Reviewed: March 2012
Released: 2011, Black Oak Entertainment
Reviewer: Metal-Rules.com UK Team
Two guys and a drum machine, is the way that south London two-piece Jethou, from Penge describe themselves. At first glance, such a title may appear obscure to some. Well obscurity is perhaps one way of describing the south London metallers and their 8 track offering. So they begin their journey with ‘Pornography’ an opener with heavy chugging riffs, accelerated drumming and a twisted and eerie spoken dialogue swamped together with guitar distortion to create a muddy and overall quite raw sound.
‘Meat head’ carries itself forward with enough bravado to live up to its name, with a foreboding drum intro and grind-esque guitars swinging back and forth and a double kick pedal that launches into a rapid fire procession of blistering intensity.
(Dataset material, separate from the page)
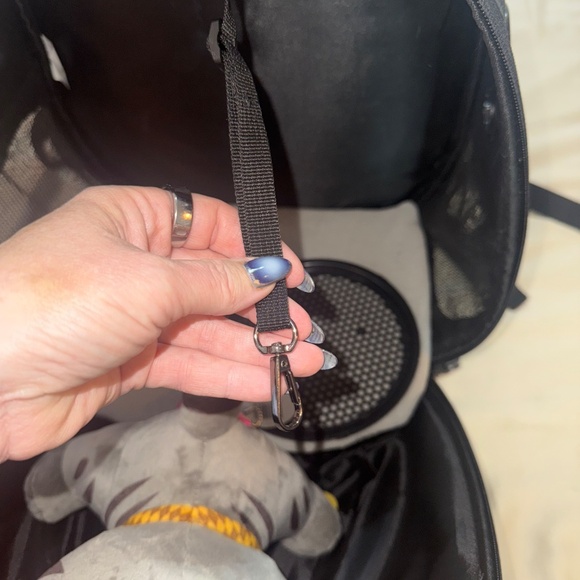 Hardshell Argyle backpack - officially licensed - Picture 11 of 15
A slight glimpse of melody to soothe those bleeding eardrums intervenes before a much needed solo.
‘The Well’ continues in the bands spoken dialogues fashion found earlier, infused with layer upon layer of distortion and a thick sonic boom bass that will send shockwaves across venues throughout their any live shows they are set to play.
A song worth noting here would be the sludgy and brooding density of ‘A Blaze in the South London Skies’. A desolate and enraged noise that fits well with vocals cut through like a shadow looming over a sunny south London day.
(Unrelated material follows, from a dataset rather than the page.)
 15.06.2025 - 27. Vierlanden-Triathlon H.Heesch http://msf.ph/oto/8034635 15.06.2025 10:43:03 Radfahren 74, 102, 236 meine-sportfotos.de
This is something that I feel worked well but flows better in the ethereal ‘The End Of All Time’, with its tribal drumming, dark lit melodies and vocal arrangement.
Finishing of the record is ‘French Letter’ a song which has slight industrial tendencies with a male and female dialogue waywardly crossing each other, an interesting stance to take in the band’s experimentation.
However, the EP does become tiresome feeling at certain points. I can see a certain amount of craftsmanship here but it does feel quite tedious formulaic at times. Putting this aside though, there is quite a lot of potential to be found and it would be interesting to see where Jethou take their musical endeavourers in any subsequent releases.